● SUPPLIED INFORMATION:

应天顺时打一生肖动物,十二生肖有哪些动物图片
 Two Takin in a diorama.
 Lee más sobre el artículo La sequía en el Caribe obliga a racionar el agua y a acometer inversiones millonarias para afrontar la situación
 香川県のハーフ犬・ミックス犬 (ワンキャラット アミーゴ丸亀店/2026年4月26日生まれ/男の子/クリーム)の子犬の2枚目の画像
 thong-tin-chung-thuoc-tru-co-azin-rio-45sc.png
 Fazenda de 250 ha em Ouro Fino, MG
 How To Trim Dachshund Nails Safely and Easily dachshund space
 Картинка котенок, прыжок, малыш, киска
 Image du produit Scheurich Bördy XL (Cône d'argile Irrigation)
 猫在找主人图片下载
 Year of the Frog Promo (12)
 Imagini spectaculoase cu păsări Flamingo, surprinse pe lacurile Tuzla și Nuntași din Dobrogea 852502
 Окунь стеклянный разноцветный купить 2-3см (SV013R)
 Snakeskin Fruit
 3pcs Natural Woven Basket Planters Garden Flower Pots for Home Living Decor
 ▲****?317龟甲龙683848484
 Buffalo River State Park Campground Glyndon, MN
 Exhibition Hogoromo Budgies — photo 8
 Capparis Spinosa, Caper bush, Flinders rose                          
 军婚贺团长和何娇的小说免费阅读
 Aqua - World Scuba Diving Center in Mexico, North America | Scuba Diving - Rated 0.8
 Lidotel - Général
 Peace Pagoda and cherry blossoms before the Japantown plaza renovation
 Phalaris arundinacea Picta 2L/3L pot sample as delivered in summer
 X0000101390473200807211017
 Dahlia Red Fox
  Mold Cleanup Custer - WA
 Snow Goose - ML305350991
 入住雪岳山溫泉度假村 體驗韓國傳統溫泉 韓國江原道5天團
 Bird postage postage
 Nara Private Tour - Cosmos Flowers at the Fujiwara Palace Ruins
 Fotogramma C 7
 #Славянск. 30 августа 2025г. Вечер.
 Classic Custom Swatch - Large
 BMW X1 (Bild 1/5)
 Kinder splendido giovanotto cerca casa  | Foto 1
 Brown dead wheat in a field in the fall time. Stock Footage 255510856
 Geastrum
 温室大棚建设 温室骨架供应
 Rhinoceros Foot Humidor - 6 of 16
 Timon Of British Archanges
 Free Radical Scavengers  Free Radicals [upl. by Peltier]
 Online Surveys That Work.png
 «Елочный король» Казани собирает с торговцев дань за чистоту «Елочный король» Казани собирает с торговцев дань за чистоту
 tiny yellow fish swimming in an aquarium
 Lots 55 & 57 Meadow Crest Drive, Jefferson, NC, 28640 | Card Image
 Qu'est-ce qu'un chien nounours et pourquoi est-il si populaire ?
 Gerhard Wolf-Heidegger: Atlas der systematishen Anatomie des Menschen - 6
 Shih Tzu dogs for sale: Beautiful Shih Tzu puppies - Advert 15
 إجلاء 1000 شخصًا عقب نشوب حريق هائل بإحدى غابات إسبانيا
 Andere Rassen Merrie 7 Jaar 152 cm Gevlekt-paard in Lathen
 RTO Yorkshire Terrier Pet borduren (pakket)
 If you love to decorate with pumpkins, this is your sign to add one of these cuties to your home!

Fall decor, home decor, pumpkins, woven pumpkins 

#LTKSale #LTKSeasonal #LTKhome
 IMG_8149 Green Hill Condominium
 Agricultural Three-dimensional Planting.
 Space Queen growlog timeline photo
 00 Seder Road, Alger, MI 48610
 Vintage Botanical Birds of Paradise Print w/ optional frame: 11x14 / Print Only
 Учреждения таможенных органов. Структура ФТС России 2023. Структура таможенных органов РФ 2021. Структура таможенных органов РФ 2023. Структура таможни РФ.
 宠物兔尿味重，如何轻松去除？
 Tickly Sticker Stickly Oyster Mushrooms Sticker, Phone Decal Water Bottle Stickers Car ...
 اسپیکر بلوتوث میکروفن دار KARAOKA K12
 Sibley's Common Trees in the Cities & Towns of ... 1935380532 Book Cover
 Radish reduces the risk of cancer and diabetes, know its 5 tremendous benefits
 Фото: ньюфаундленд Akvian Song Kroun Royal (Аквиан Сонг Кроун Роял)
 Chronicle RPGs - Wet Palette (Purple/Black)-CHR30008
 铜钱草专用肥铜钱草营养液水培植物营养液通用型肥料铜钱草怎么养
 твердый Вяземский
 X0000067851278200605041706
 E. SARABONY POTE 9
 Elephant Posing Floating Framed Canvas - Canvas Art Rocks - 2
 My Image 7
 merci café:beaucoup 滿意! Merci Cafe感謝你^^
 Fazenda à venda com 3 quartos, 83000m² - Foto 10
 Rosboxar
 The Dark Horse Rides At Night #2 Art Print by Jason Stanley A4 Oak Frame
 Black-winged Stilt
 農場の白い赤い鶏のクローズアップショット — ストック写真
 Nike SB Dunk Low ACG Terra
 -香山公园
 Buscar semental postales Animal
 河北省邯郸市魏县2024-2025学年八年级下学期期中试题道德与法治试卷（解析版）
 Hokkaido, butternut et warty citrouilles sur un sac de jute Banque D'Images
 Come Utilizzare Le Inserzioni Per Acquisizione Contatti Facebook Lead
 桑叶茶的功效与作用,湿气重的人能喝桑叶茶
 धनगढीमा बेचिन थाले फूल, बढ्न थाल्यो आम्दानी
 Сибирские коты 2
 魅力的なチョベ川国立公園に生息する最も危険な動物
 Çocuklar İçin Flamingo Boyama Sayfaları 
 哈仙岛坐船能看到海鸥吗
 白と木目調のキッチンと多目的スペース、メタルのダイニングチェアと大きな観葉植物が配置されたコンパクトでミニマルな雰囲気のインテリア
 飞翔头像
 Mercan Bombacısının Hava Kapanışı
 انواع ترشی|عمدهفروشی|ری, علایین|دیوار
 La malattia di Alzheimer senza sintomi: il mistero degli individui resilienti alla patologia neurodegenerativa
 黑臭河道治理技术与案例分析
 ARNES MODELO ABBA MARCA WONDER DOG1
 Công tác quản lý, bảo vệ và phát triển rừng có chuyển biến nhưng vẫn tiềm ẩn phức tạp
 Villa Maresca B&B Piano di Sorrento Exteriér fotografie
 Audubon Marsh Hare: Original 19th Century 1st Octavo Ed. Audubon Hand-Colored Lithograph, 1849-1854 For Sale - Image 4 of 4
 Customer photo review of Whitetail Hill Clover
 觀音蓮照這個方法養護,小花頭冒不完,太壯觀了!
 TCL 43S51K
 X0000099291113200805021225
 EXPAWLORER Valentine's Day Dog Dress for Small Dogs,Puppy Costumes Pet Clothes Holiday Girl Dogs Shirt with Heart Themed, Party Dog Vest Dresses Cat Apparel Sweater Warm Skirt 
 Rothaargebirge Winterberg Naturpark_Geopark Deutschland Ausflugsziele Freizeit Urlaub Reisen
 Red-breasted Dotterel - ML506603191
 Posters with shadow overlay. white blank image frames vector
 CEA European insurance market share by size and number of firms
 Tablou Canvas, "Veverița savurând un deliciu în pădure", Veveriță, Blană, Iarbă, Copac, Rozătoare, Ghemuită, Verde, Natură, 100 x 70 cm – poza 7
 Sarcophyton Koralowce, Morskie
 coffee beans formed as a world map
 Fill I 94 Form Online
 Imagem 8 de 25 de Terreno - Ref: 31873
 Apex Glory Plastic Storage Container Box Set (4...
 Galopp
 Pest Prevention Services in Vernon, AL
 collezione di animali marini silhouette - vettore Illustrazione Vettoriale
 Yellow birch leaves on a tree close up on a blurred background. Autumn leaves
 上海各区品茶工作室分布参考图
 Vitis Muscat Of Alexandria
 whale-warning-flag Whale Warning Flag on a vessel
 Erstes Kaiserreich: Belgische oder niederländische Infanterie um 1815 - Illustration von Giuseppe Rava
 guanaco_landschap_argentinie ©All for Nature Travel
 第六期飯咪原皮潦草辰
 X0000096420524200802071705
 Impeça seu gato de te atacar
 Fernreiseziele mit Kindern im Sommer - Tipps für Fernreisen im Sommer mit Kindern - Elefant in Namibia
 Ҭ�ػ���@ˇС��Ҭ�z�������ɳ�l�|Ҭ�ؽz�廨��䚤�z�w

● INSTRUCTIONS TO FOLLOW: Wherever the word "pumpkins" appears in the entries above, copy that line.

● TASK OUTPUT:
 If you love to decorate with pumpkins, this is your sign to add one of these cuties to your home!
Fall decor, home decor, pumpkins, woven pumpkins 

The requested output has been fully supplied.